Stored dataset items
>>>

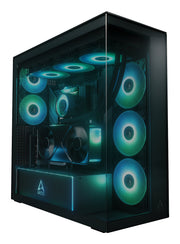 ARCTIC Xtender VG Black (Tinted Glass) Midi Tower Svart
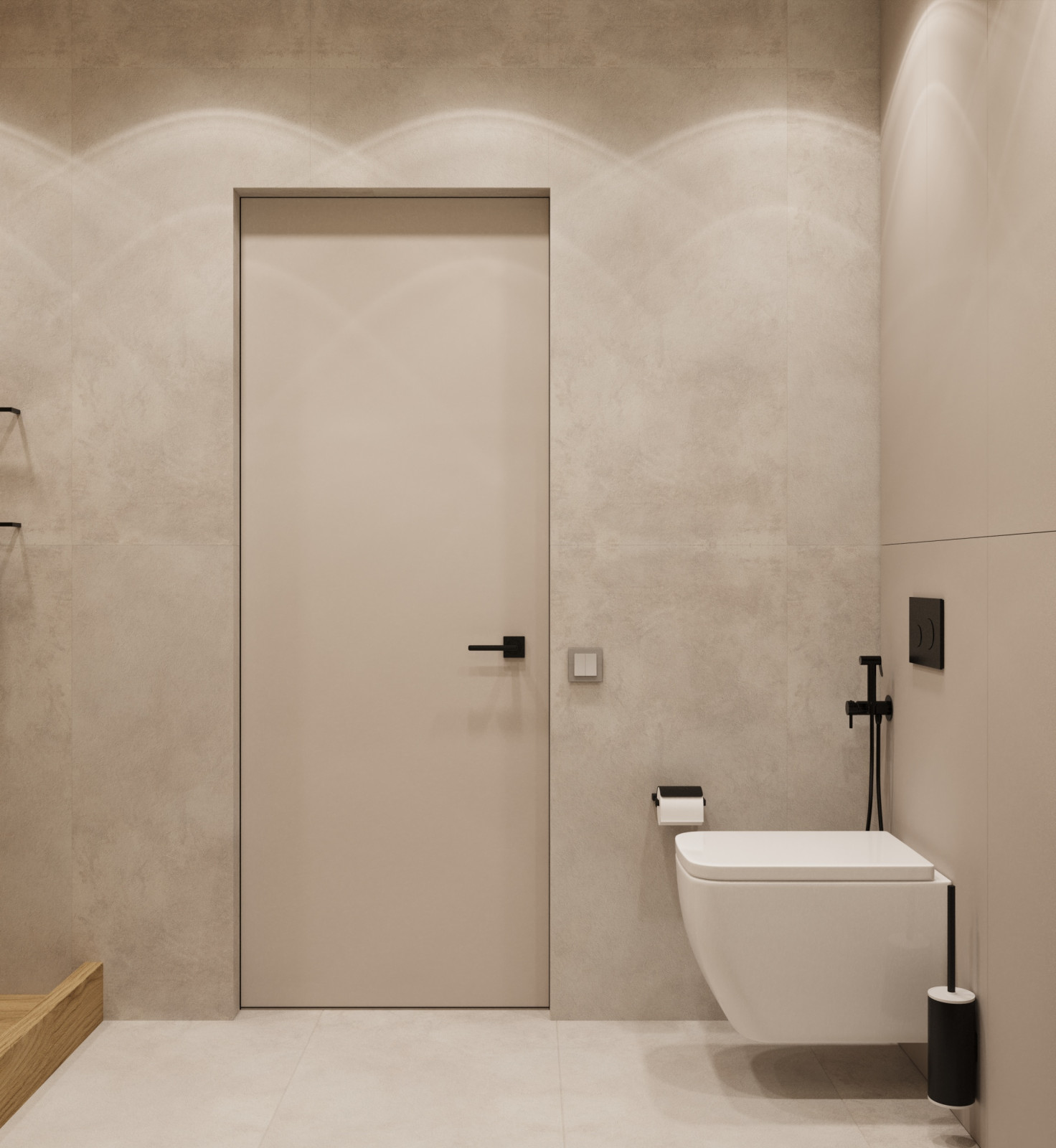 Дизайн интерьера мастер душевой  в квартире  ЖК "Брусника"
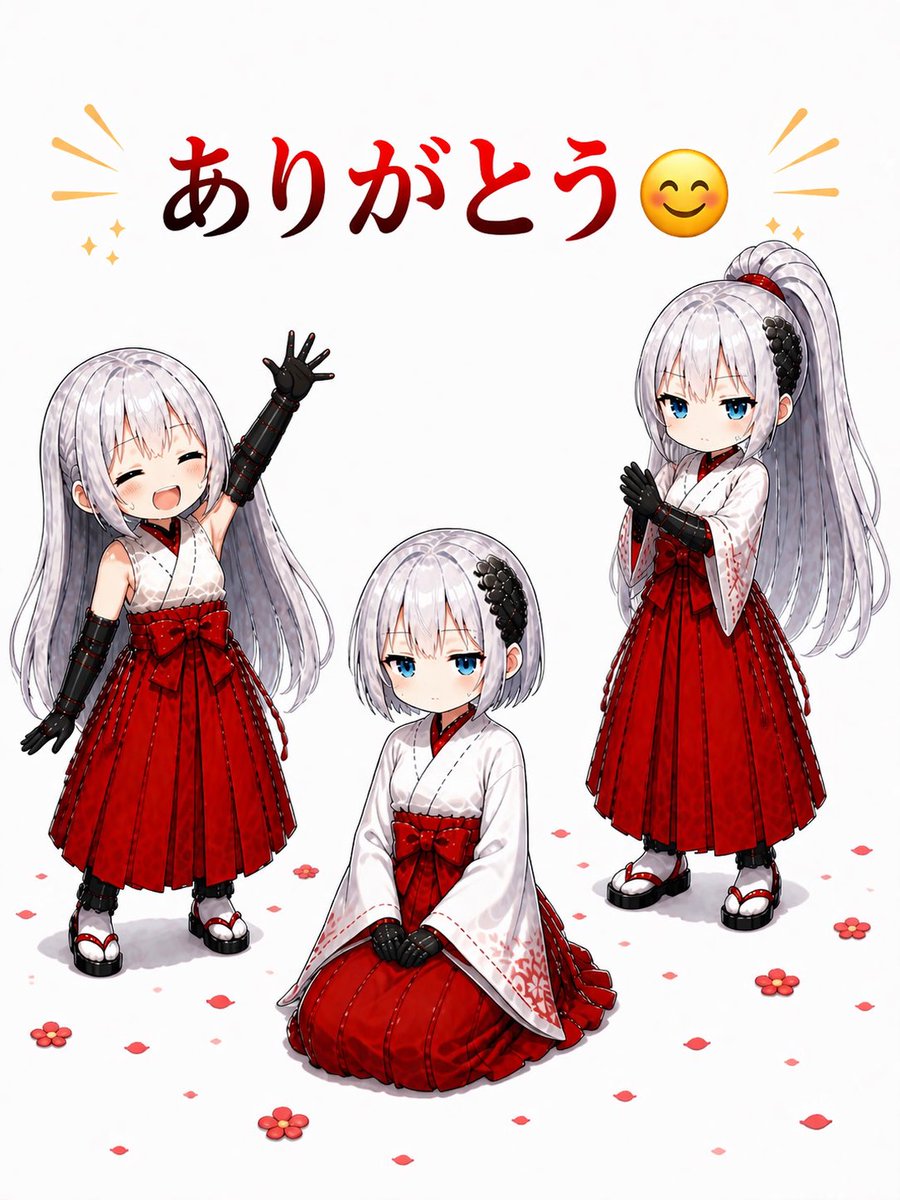 赤巫女さんの日常 tweet media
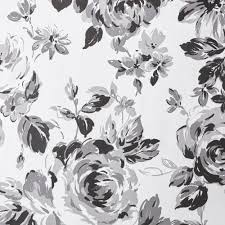 Floral design for greeting card and invitation of wedding, birthday, valentine&#39;s day, mother&#39;s day and seasonal holiday Intelligent Design Renee Black White Floral Printed Shower Curtain On Sale Overstock 29366578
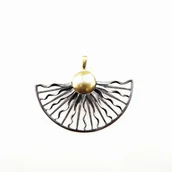 Zawieszki - Zawieszka srebrna - Promienie słońca - miniaturka - grafika 1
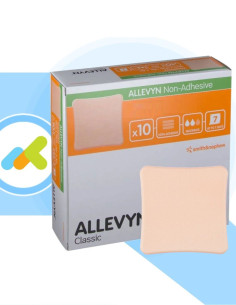 Allevyn Non Adhesive | Medicazione Sterile in Poliuretano | Altamente Assorbente | 1 pezzo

<<<

Description of the task:
Quote the records in their entirety, keeping the wording exact and excluding pictures.

Result of this task:
 ARCTIC Xtender VG Black (Tinted Glass) Midi Tower Svart
 Дизайн интерьера мастер душевой  в квартире  ЖК "Брусника"
 赤巫女さんの日常 tweet media
 Floral design for greeting card and invitation of wedding, birthday, valentine&#39;s day, mother&#39;s day and seasonal holiday Intelligent Design Renee Black White Floral Printed Shower Curtain On Sale Overstock 29366578
 Zawieszki - Zawieszka srebrna - Promienie słońca - miniaturka - grafika 1
 Allevyn Non Adhesive | Medicazione Sterile in Poliuretano | Altamente Assorbente | 1 pezzo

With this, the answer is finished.